I'm trying to find out which occupation has the max mean salary.
I've tried
df.groupby('Occupation').agg({'Salary':'mean'})
I think I've figured out how to get the max mean salary but I can't figure out how to get the specific occupation title. Any tips ? Thank you!!
When you perform a groupby
, the features you use in your groupby become the index. Since the result of your groupby will be a Series (as you are only aggregating mean salary), you can use idxmax
to then retrieve the index where the max salary occurs.
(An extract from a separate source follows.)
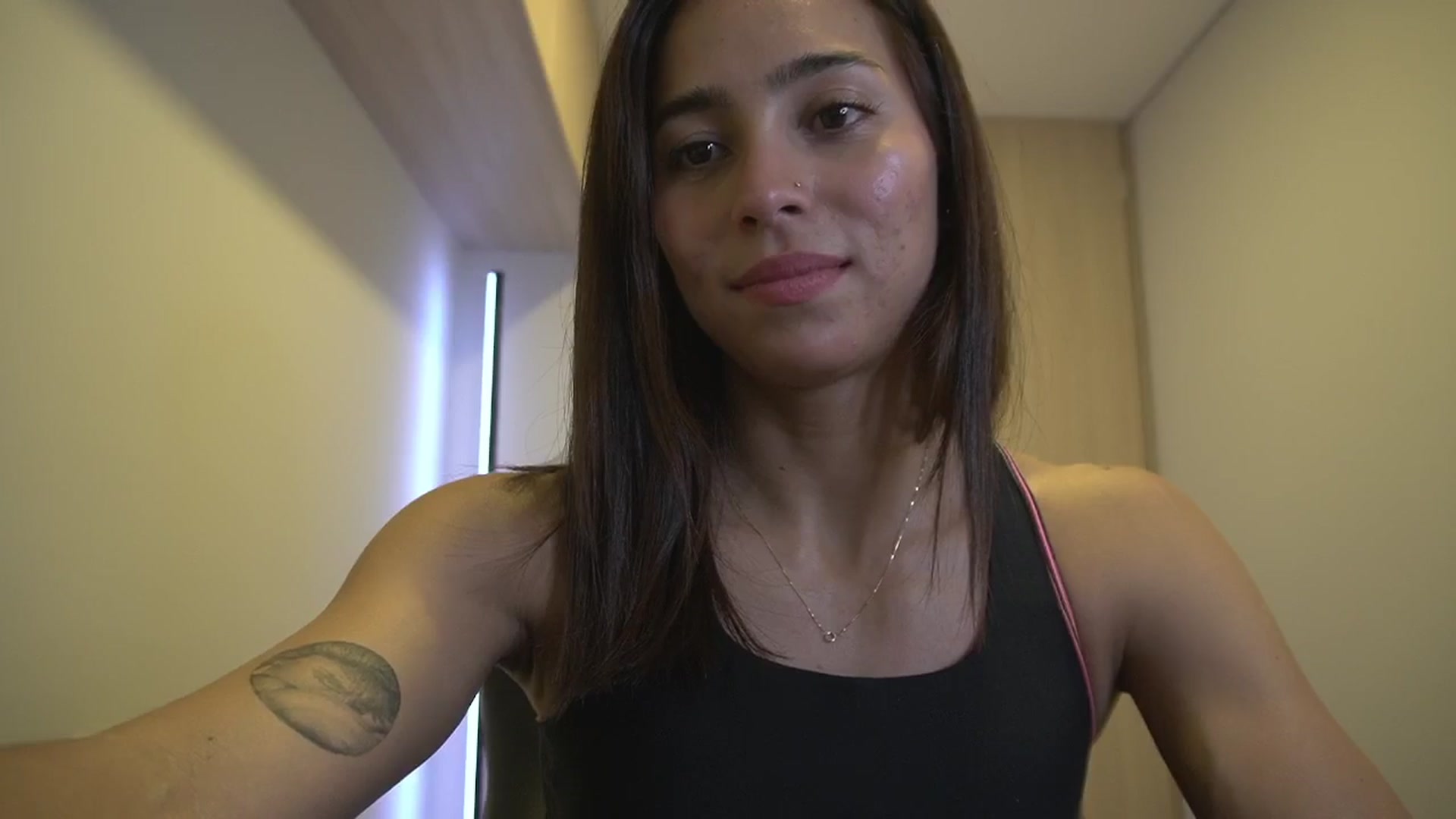 Gallery image thumbnail from Xialing's myfreecams stream on, 05/24/2025, 24:56 image 5 of 20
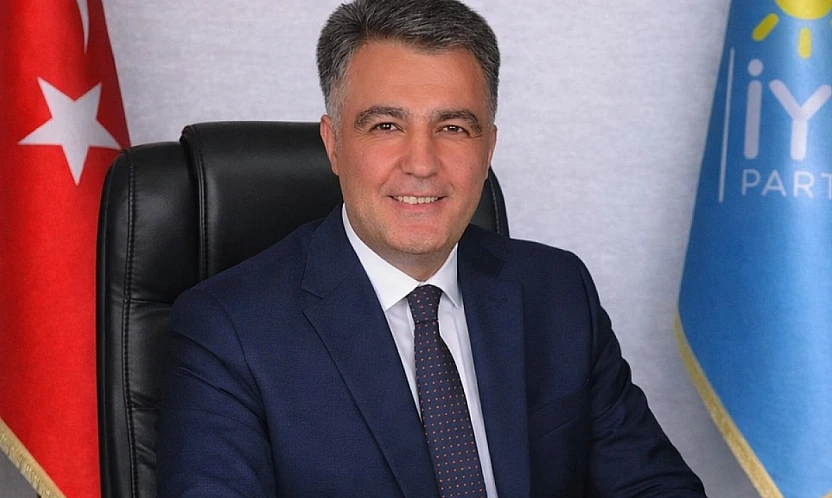 İYİ Parti Yeşilyurt İlçe Başkanı Alper Karakurt'un 10 Ocak Çalışan Gazeteciler Günü Mesajı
However, if there are multiple occupations that share the same max salary, this will only return one of those occupations.
df = pd.DataFrame({'Occupation':list('aaabbbccc'),'Salary':[1,2,3,4,5,6,7,8,9]})
occupation_max_salary = df.groupby('Occupation').agg({'Salary':'mean'}).idxmax()[0]
occupation_max_salary
is 'c'
as expected.
So if you need to account for possible ties in mean salary, then you can try the following:
df2 = pd.DataFrame({'Occupation':list('aaabbbccc'),'Salary':[1,2,3,7,8,9,7,8,9]})
salaries = df.groupby('Occupation').agg({'Salary':'mean'})
occupation_max_salary = salaries[salaries == salaries.max()].dropna().index.tolist()
In this case, occupation_max_salary
is ['b','c']